In Iraqi Kurdistan, over 400 people rallied, on 6 August, in the centre of the city of Suleimaniah, waving banners in which were written “We condemn the crime that resulted in the death of innocent people in Iranian Kurdistan” and “Death to the Islamic Republic of Iran”. The demonstrators shouted slogans in support of their Iranian brothers. The organisers of the rally stated that they had asked for authorisation of the police a few days earlier to march to the UN offices in Suleimaniah, but that it had been refused. “We are calling for the freeing of all political prisoners and for an end to the state of emergency in Iranian Kurdistan”, stated Mostafa Fatih, an Iranian Kurdish refugee in Iraq. “We also call on the human rights defence organisations and the international organisations to demand an end to the arrests and the oppression of the Kurds by the Iranian authorities”, he added.

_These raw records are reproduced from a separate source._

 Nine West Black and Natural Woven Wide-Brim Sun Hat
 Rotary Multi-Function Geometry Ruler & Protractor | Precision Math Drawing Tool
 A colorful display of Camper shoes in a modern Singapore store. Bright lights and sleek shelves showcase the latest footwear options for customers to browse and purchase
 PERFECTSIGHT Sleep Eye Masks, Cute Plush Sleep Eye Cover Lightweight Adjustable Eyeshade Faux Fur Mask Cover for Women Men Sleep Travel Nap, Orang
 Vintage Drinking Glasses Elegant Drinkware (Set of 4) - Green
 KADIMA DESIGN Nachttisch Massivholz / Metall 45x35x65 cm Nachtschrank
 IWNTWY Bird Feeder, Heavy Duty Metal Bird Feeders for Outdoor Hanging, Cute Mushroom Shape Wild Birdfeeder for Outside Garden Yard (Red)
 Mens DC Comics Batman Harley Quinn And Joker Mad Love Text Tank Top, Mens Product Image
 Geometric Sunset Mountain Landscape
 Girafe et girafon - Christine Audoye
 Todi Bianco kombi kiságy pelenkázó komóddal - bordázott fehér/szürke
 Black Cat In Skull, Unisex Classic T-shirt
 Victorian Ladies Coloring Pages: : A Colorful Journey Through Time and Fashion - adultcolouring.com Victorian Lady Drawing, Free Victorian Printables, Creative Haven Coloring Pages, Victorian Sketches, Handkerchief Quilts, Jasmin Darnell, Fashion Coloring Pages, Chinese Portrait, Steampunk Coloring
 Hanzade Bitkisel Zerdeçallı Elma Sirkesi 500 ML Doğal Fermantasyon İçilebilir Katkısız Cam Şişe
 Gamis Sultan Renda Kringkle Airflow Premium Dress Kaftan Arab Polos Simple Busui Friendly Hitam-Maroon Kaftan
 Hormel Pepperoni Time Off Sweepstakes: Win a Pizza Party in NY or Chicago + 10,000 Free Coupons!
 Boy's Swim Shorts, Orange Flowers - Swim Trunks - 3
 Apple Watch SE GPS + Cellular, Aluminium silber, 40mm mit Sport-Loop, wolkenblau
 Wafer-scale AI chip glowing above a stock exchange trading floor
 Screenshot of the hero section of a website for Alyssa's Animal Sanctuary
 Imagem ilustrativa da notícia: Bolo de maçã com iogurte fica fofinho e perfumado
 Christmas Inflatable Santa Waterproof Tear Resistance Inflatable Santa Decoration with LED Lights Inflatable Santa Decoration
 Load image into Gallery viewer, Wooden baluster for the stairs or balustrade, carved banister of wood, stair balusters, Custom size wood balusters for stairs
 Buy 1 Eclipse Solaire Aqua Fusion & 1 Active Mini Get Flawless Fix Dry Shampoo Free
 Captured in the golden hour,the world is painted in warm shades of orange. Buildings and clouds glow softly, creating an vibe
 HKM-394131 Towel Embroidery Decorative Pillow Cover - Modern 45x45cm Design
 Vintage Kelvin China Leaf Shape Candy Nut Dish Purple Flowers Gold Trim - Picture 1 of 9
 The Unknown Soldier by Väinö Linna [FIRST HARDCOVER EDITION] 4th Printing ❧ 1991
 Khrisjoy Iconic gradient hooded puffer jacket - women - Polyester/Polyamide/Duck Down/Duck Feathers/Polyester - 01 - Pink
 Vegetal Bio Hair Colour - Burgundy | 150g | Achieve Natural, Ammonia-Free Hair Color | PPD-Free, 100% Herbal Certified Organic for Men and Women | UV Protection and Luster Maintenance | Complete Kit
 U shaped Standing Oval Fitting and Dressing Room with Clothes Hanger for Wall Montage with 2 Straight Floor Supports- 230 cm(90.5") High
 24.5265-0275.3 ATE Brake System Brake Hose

On 14 August, Iran openly accused the United States and Great Britain of being the instigators of the disturbances in Iranian Kurdistan and also in the largely Arab province of Khuzistan. The Iranian authorities accused, pell-mell, the Arab separatists, the People’s Mojahiddin (an armed opposition group in exile) supported by the Americans, or Baathists still loyal to Saddam Hussein.

SYRIA: 47 KURDS ARRESTED, THREE OTHERS SENTENCED, BY THE SYRIAN AUTHORITIES

On 15 August, at least 47 Syrian Kurds were detained at Serê Kaniye (Ain al Arab), 560 Km North of Damascus, after clashes with the Syrian police, according to a communiqué issued by the Progressive Democratic Party of Syrian Kurds. The Kurds were protesting against the refusal of the Syrian authorities to authorise their celebration of the 25th anniversary of the creation of the Democratic Union of Kurdistan, a Kurdish organisation that is not unrecognised in Syria. Cars were damaged during the rioting, in which the demonstrators threw stones at the police who replied with tear gas, according to the Arab Organisation for Human Rights (AOHM).

Moreover, on 28 August, the State Security Court, a special emergency law body, sentenced three Kurds, Mustapha Hanif Khalil, Abdel Karim Alo, and Mohammad Naaman Mohammad Hanan, members of the Democratic Union Party to two and a half years jail for membership of “a secret organisation”. “This is the usual charge levelled against any Kurd appearing before this court. It is completely baseless, as the Kurds demand a solution to their problem in the context of Syrian territorial unity” declared their lawyer, Fayçal Badr. The lawyer described “unconstitutional” the verdicts of the State Security Court, which was created by Emergency Law decree.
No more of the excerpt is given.